▶ **TASK BRIEF**:
If pictures appear in the lines below, skip them and copy exactly the lines from the one containing "Hello and welcome" through the one containing "Once he's got", and nothing else.

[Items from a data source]
--- START ---

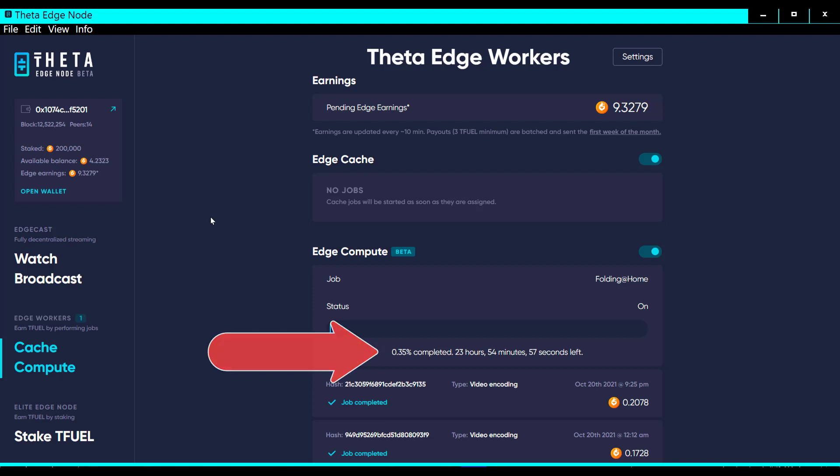My last encoding job was October 20th. So like I say, I don't know how long that settings has been there. I know it wasn't there, I don't think it was there like a month ago.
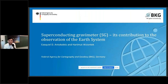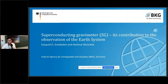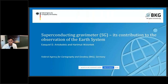Thank you very much, Laura, and also for the invitation to join this edition of the Chicos Days. I will talk about superconducting gravity meters and give an overview of their contribution to the observation of the Earth system.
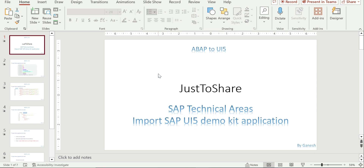Hello friends, this is Ganesh. In this video we are going to see how to import an application which is shown in the SAP UI5 demo kit. So far in the videos we have gotten some reference from the demo kit, maybe at the code level or just displaying a component screen. We copied particular code from a view file or sometimes manifest.json. Now we have an option to upload an entire application to our workspace.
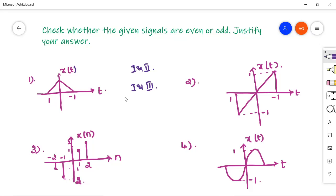Even and odd signals are always mutually exclusive. So if the signal is an even signal, it cannot be an odd signal. Similarly, if the signal is an odd signal, it cannot be an even signal. However, the signal can neither be odd nor even — that possibility is there. So let us start solving.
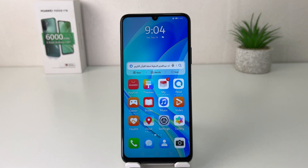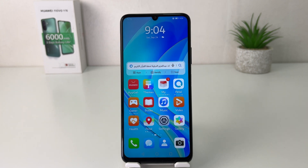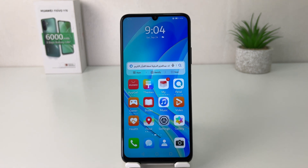Hello and welcome back to my another tutorial. In this tutorial I'm going to share with you how to change icon size in your Huawei Nova Y70. So let's take a look at how to do that.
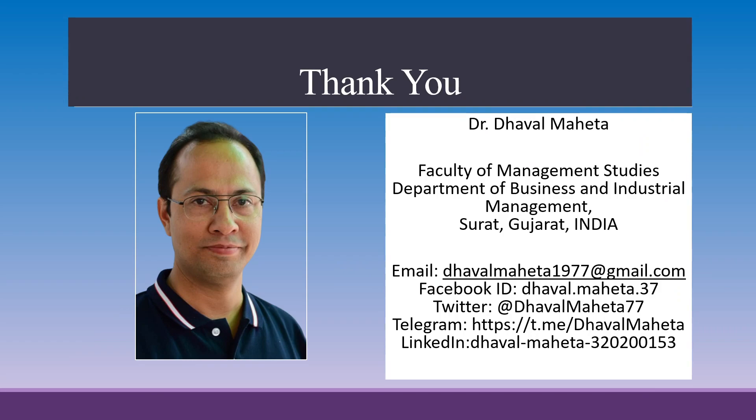For more videos on Alteryx, kindly subscribe to my channel. You can also refer to my playlist where I've uploaded videos on data science, machine learning, and artificial intelligence. Please don't forget to like and share my videos. You can also follow me on different social media platforms - links are in the description box.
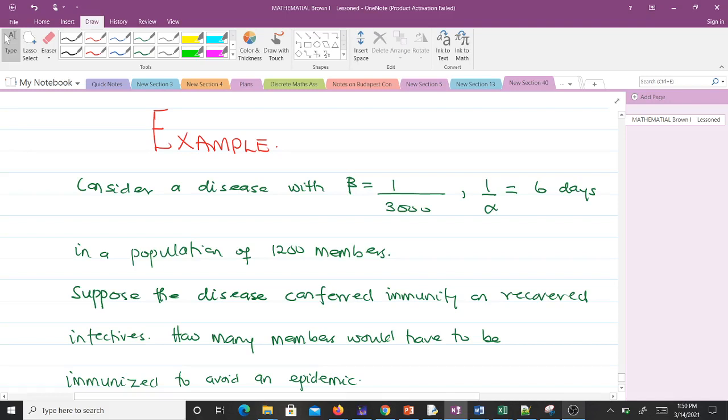Suppose the disease conferred immunity on recovered infectives. How many members would have to be immunized to avoid an epidemic?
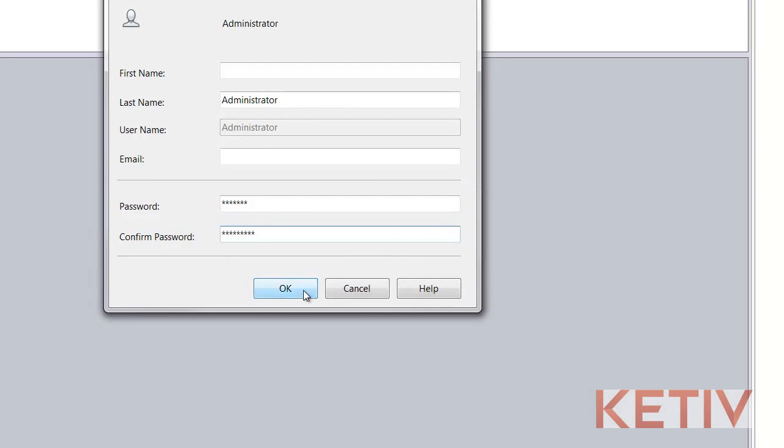Once he's got the password he wants, the new one, he can go ahead and hit OK. And just like that, he's changed his password.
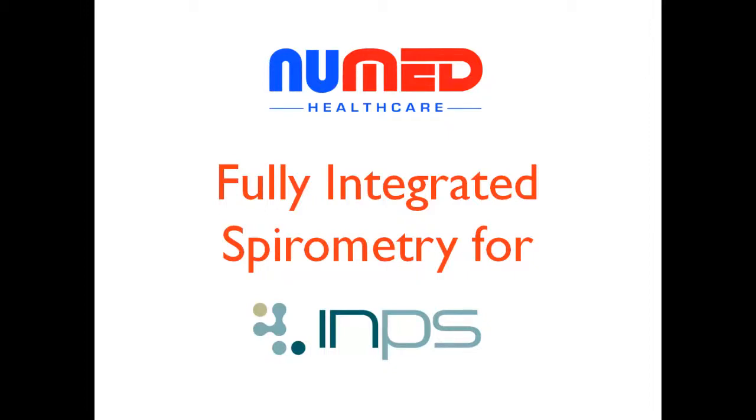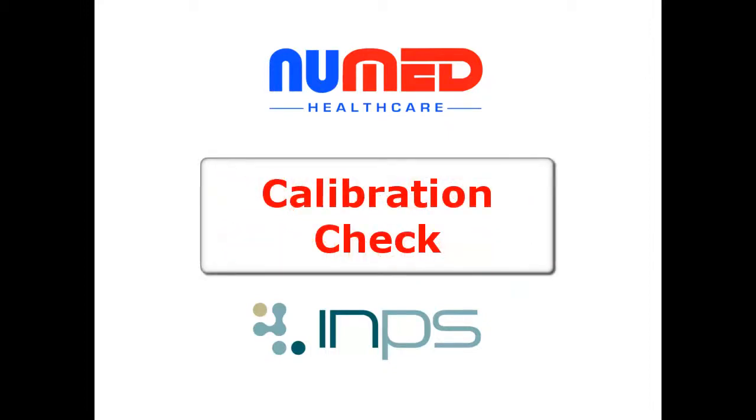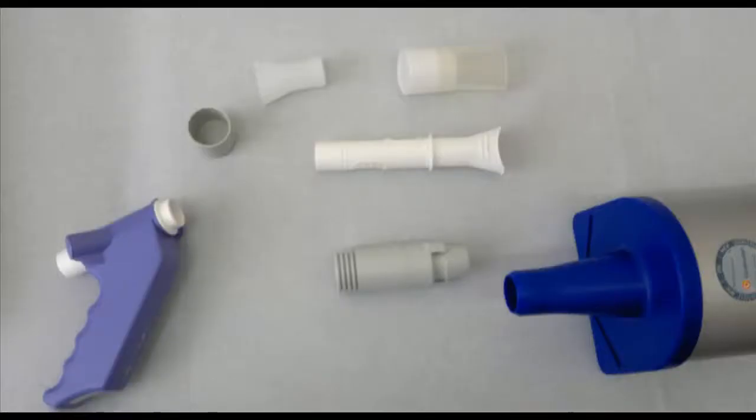This is a short screencast showing the calibration check of the TrueFlow spirometer using the adapter and calibration syringe.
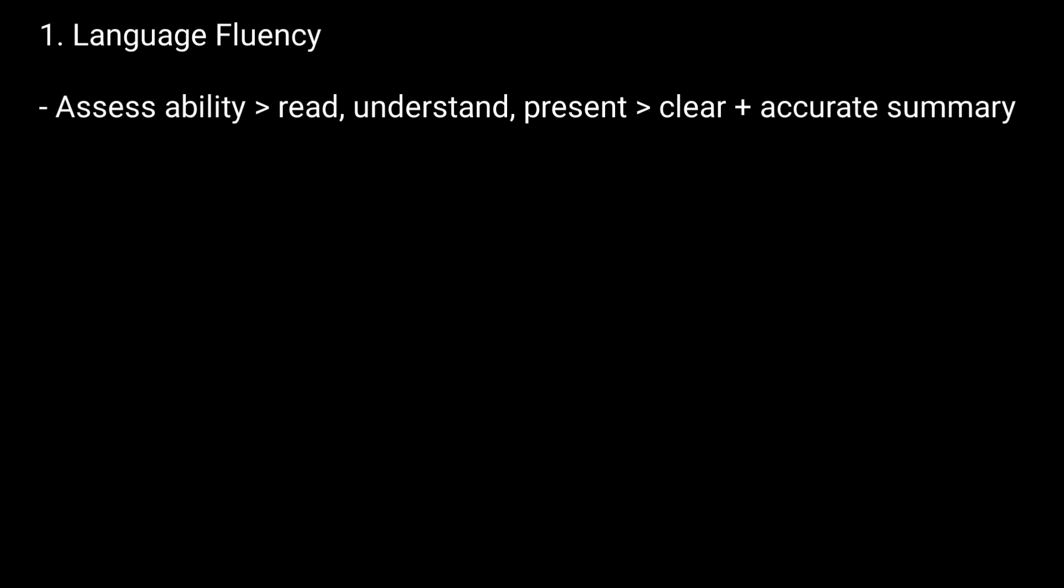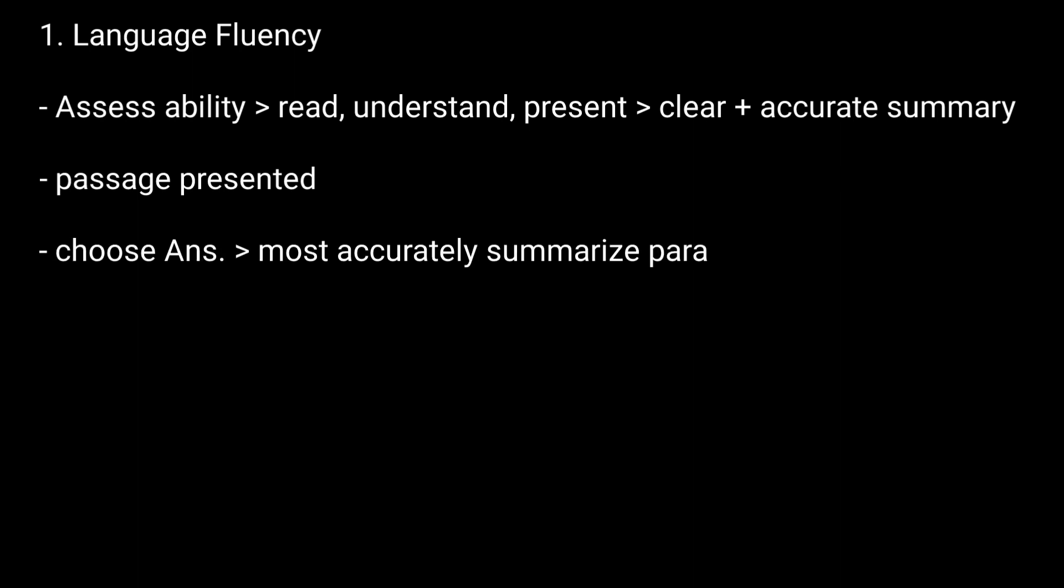Here your ability to read, understand, and present a clear and accurate summary of information will be tested. You will be presented with a passage and you will need to choose the answer that most accurately summarizes the paragraph.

--- END ---

▶ **RESULT FOR THIS TASK**:
Hello and welcome back to my another tutorial. In this tutorial I'm going to share with you how to change icon size in your Huawei Nova Y70. So let's take a look at how to do that.
For more videos on Alteryx, kindly subscribe to my channel. You can also refer to my playlist where I've uploaded videos on data science, machine learning, and artificial intelligence. Please don't forget to like and share my videos. You can also follow me on different social media platforms - links are in the description box.
Suppose the disease conferred immunity on recovered infectives. How many members would have to be immunized to avoid an epidemic?
Once he's got the password he wants, the new one, he can go ahead and hit OK. And just like that, he's changed his password.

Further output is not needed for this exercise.